Davis Men's Crew Club
- Location: Curt Rocca Boathouse, Port of Sacramento, California
- Home water: Port of Sacramento
- Founded: 1977
- University: University of California, Davis
- Affiliations: Western Intercollegiate Rowing Association
- Website: ucdmensrowing.org

= Davis Men's Crew Club =

The Davis Men's Crew Club is a collegiate sports club representing the University of California, Davis in rowing. As a non-funded team, it is a member of the Western Intercollegiate Rowing Association (WIRA), whose participants are mostly of non-Pac-10 schools on the West Coast. Nationwide, the team is one of the most successful collegiate rowing club programs in the United States, making periodic appearances in the Intercollegiate Rowing Association national championships, the Eastern College Athletic Conference and, more recently, the American Collegiate Rowing Association national championships. Notable alumni include Seth Weil (Class of 2011), who rowed in the USA men's coxless four at the 2016 Rio Olympics and who holds two world rowing championship first place titles in the men's four; as well as Carlo Facchino (Class of 1996) who has a place in the Guinness Book of World Records for the fastest Pacific Ocean crossing from Monterey, CA to Honolulu, Hawaii with a time of 39 days, 9 hours and 56 minutes.

==History==
Founded in 1977, the Davis Men's Crew Club was established under the guidance of Rich Sundquist, a former oarsman from the University of California, Santa Barbara. In 1980, the crew received its first own racing shell, a wooden sweep eight, cut in half and driven from the East Coast on top of a van. In 1993, the crew completed the Curt Rocca Boathouse to replace a smaller boathouse built earlier. The boathouse is still used today, shared with the UC Davis women's rowing team, and located in the Port of Sacramento.

==Organization==
As a registered university student organization, the team's operations and administrative decisions are managed by its student membership in cooperation with the UC Davis Intramural Sports and Sports Club Office. Council club officers vote on various decisions, from hiring coaches to managing team finances. As a club sport at UC Davis, the program receives minimal funding for a crew team. Most of the club's income comes from membership dues, fundraising, and alumni donations.
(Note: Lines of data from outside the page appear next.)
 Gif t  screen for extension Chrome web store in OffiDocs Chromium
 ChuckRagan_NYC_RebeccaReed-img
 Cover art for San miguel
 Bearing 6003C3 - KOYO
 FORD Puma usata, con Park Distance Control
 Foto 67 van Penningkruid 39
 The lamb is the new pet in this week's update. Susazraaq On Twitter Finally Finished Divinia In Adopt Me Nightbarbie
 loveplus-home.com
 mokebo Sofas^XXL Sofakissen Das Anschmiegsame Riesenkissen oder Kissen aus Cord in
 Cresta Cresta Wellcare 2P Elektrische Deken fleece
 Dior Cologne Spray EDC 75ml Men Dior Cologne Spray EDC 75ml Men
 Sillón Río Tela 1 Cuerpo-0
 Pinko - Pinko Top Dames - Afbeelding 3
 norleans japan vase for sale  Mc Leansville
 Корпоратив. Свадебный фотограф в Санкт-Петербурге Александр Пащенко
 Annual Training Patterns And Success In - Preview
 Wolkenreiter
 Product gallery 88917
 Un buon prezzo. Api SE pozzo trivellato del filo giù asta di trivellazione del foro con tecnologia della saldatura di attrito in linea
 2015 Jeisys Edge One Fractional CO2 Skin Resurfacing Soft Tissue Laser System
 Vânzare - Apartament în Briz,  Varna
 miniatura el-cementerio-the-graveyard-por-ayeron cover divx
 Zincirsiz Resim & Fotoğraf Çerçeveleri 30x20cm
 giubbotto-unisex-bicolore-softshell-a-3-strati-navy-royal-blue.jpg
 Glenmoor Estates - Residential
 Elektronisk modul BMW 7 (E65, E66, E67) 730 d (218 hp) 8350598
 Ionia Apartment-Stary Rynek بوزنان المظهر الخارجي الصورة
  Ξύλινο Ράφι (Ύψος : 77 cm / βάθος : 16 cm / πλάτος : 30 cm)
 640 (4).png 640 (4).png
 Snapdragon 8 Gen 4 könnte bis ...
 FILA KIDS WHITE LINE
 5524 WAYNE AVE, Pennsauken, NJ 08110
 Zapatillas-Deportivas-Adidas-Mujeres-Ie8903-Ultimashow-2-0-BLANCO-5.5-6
Most rowers and coxswains are walk-ons, with little to no previous experience in the sport of rowing. In the Fall, returning crew members recruit students on campus, headed by two elected club recruiters. Those interested can attend practices run by the novice coach, who trains those new to the sport.

Besides the recruiters, many club officers help run the program—those within the council vote on critical issues for the team. Overall, club officers coordinate their responsibilities with one another to ensure all aspects of the program are running smoothly. Officer positions are voted on in an election amongst teammates at the end of each school year.

Club Officer Positions

- Executive Council
  - President
  - Vice-President
  - Secretary
  - Treasurer
  - Fundraiser
- Regular Council Members
  - Haberdasher
  - Historian
  - Recruiters
  - Boathouse Manager
  - Website Manager
  - Safety Representative

==Team tradition==
Since the club represents UC Davis, the team colors are blue and gold. The official logo insignia of the crew, seen on official racing uniforms and the face of the oar blades, is an Aggie blue UCD written on a white background. The Cal Aggie symbol is often used as well, with oars crossing behind it.

The official mantra of the crew is 'RYBO', an acronym for 'Row your balls off'. To avoid confrontation, members can amend it to a more family-oriented saying, such as 'Row your buns off'. RYBO is found on many official crew apparel and is often included in team cheers, most commonly when a team boat launches for a race.

Racing Shells
- Coxed Eights (8+)
  - Peter Nils Bostrum
  - Hans Strandgaard
  - V1 Vespoli 8
  - E^{3}
  - Crew of '78
  - Sean Thomas McGinity II
  - Morry Lax
  - Marc A. Sawyer
  - NoName Vespoli 8
- Coxed Fours (4+)
  - Haulr
  - NoName Hudson 4
  - The Snyder
  - Accelerator
  - Liberator
- Pair/Doubles (2x/-)
  - NoName Pocock
  - Czerner
  - The Zip

The club offers naming rights to those shells titled 'NoName' for a generous donation.

==Rivalry==
Regionally, the club's rival is the Sacramento State Hornets. However, the club considers Orange Coast College, Gonzaga, and UC San Diego to be rivals as well, especially since these schools are members of WIRA. In the varsity eight grand final at the 2007 WIRA championship regatta, Davis finished first at 6:03.8, barely ahead of Gonzaga's 6:04.3 and UC San Diego's 6:05.7.

WIRA Events Won, by Year

| Varsity Eight | Varsity Four | Junior Varsity 8 | Novice Eight | 2nd Novice Eight | Novice Four | Light Eight | Light Four |
|---|---|---|---|---|---|---|---|
| 1993 2001 2003 2005 2007 | 2015 | 1998 2001 2003 2004 2005 2006 | 1991 1993 1999 2004 | 1992 2000 2003 | 2011 | 1996 1997 1998 1999 2004 | 1991 |

Despite the club's successes in WIRA, every season, the team works toward a long-term goal of becoming more competitive among the top schools in the nation, which are almost always fully funded. Recently, in the 2007 Spring season, Davis's top varsity eight raced against the 3rd level varsity eight of the University of California, Berkeley. This program consistently ranks top 5 in the Intercollegiate Rowing Association's national championships.